Le seuil critique est connu et documenté dans le rapport : si plus d'un tiers des validateurs se retrouvent hors ligne simultanément, le réseau cesse de finaliser ses blocs. En clair, les transactions restent en attente et la chaîne perd sa garantie d'irrévocabilité. Ce seuil d'un tiers n'est pas une hypothèse théorique lointaine : il devient atteignable dès lors que l'un des trois hébergeurs majeurs connaît une interruption de service significative ou prend une décision unilatérale affectant ses clients opérateurs de nœuds.
Le précédent Hetzner illustre concrètement ce risque. L'hébergeur allemand avait un temps interdit l'hébergement de nœuds Ethereum sur ses serveurs, une décision unilatérale qui aurait pu, si elle avait été maintenue à grande échelle, priver le réseau d'une fraction significative de ses validateurs. Un incident technique majeur chez AWS ou une décision réglementaire contraignant OVH produiraient un effet comparable. Dans les trois cas, la cause serait différente, commerciale, technique ou réglementaire, mais la conséquence serait identique : une partie des validateurs disparaît du réseau sans préavis.
Pourquoi c'est important pour vos actifs
Pour les détenteurs d'ETH et les protocoles qui s'appuient sur Ethereum, la résilience du réseau n'est pas une question abstraite. Un arrêt de la finalisation, même temporaire, bloque les retraits, les règlements de smart contracts et les ponts inter-chaînes. La dépendance à trois hébergeurs commerciaux signifie qu'une panne coordonnée, volontaire ou accidentelle, peut suffire à paralyser ces mécanismes. La lecture de marché associée à cette publication est baissière pour ETH, dans la mesure où ce type de révélation sur la fragilité de l'infrastructure sous-jacente pèse sur la perception du risque systémique.
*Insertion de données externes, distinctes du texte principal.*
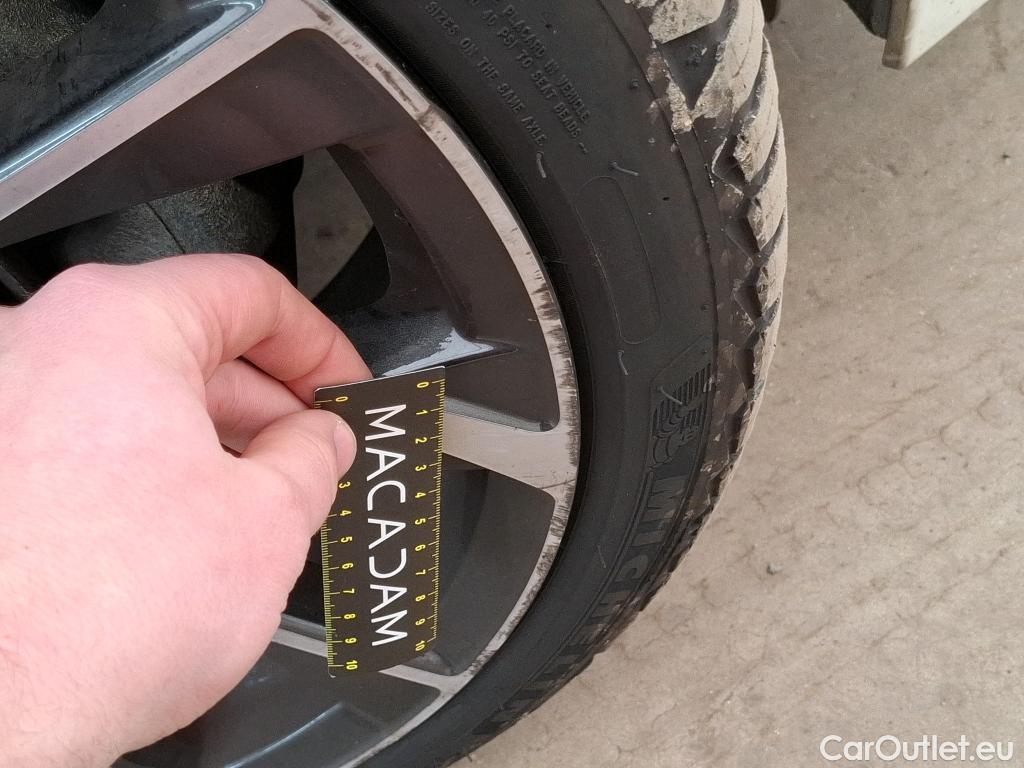  Toyota  Corolla TOYOTA  Touring Sports 5p Break Hybride 180h Collection #26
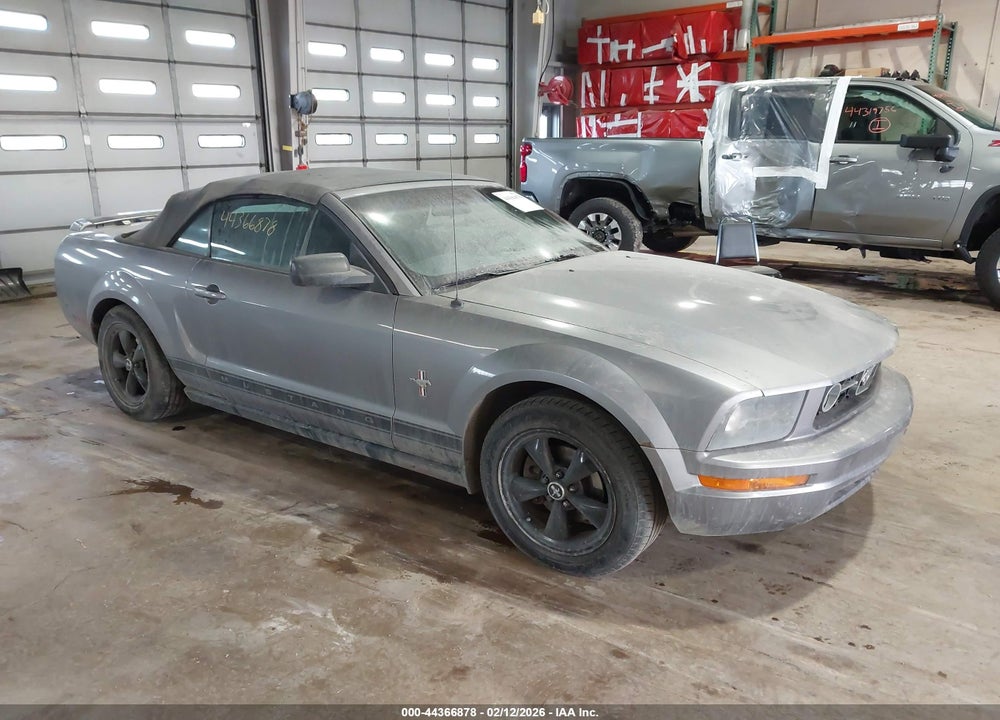 2006 FORD MUSTANG V6 VIN: 1ZVFT84N165178613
Le rapport du CCAF pose ainsi une exigence claire pour l'écosystème : diversifier l'infrastructure d'hébergement des validateurs reste le levier le plus direct pour réduire ce risque systémique. Tant que la majorité des nœuds reste concentrée chez Hetzner, AWS et OVH, la robustesse géographique affichée par les chiffres par pays demeure une protection incomplète face à une décision ou un incident touchant l'un de ces trois acteurs.